Work required: Once you reach the line that holds "Tshirt personnalisé brillant" in the listing below, output it and every line after it through the line that holds "Estate in Périphérie", word for word.

Records for this task:
◆ ◆ ◆ ◆

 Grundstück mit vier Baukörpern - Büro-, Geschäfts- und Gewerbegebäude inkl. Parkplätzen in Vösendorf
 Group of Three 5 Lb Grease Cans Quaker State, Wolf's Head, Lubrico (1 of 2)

◆ ◆ ◆ ◆

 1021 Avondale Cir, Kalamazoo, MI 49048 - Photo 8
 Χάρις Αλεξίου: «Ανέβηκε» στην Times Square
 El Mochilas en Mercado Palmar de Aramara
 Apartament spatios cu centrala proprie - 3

◆ ◆ ◆ ◆

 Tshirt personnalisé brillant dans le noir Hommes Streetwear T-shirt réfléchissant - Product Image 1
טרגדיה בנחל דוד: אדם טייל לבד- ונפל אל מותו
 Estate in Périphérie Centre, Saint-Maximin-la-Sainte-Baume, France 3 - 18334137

◆ ◆ ◆ ◆

Output:
 Tshirt personnalisé brillant dans le noir Hommes Streetwear T-shirt réfléchissant - Product Image 1
טרגדיה בנחל דוד: אדם טייל לבד- ונפל אל מותו
 Estate in Périphérie Centre, Saint-Maximin-la-Sainte-Baume, France 3 - 18334137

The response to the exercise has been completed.